WHAT YOU NEED TO DO: For the material below, return exactly the lines starting at the line containing "Thumbnail of 2019" and ending at the line containing "Nosné patky Thule", both ends included, and no others.

──────── PROVIDED RECORDS ────────

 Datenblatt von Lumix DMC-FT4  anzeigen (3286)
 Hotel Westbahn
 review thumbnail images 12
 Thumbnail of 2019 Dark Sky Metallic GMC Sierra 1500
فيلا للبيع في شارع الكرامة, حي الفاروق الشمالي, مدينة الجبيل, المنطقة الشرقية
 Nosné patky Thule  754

────────
──────── PROVIDED RECORDS ────────

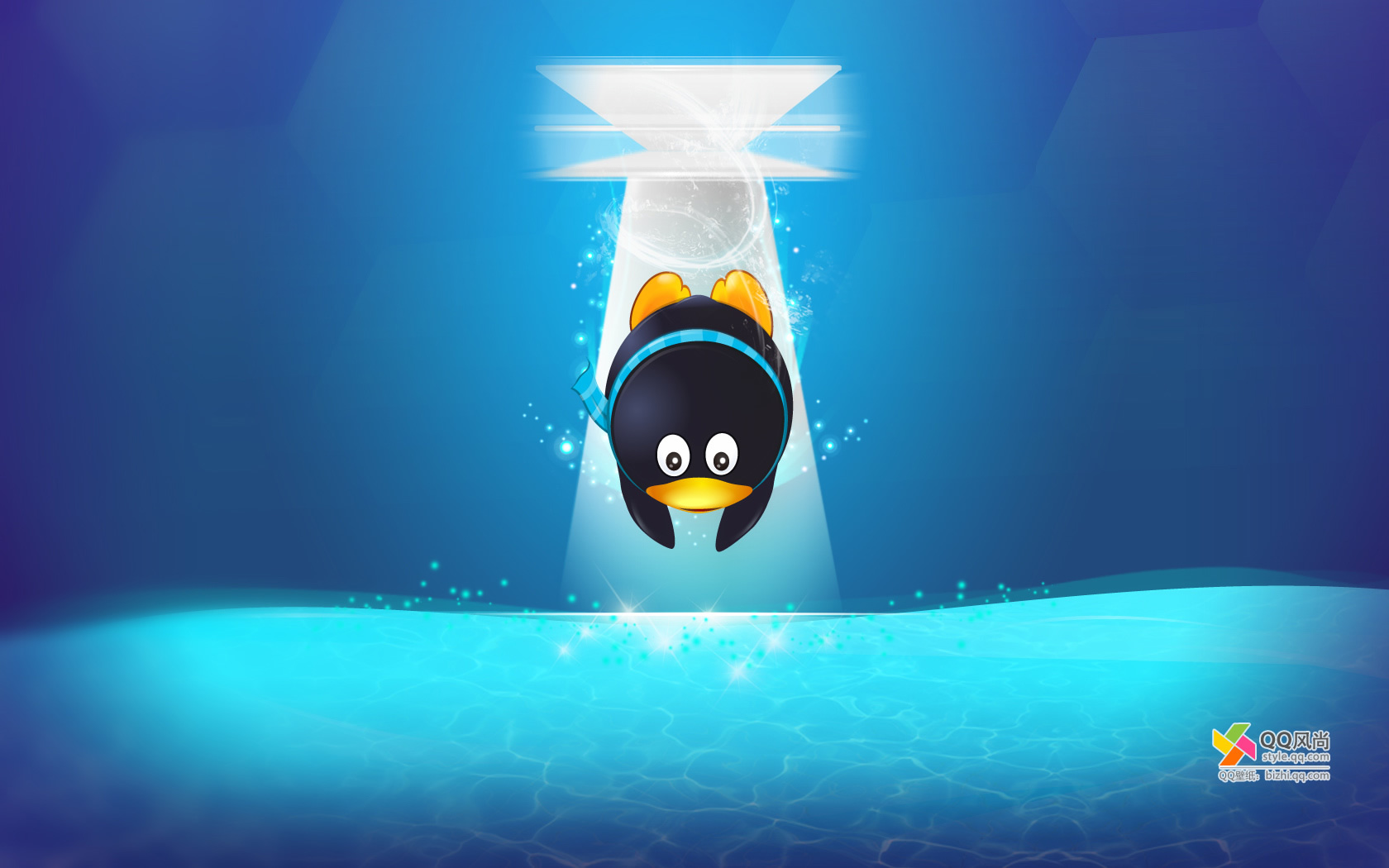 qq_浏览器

────────
──────── PROVIDED RECORDS ────────

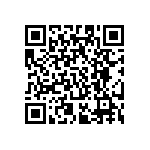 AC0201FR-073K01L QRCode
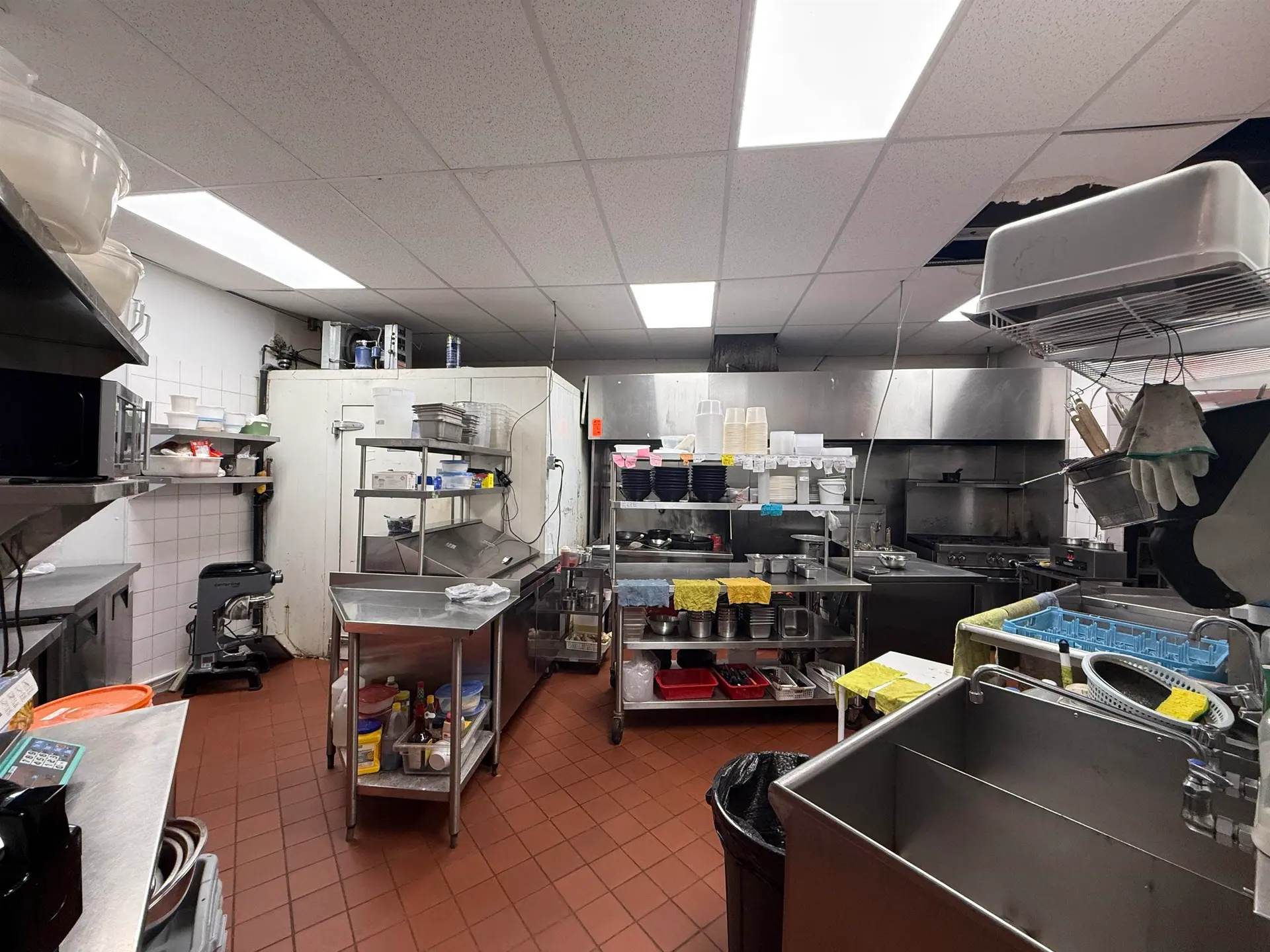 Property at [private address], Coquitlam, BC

────────

RESPONSE:
 Thumbnail of 2019 Dark Sky Metallic GMC Sierra 1500
فيلا للبيع في شارع الكرامة, حي الفاروق الشمالي, مدينة الجبيل, المنطقة الشرقية
 Nosné patky Thule  754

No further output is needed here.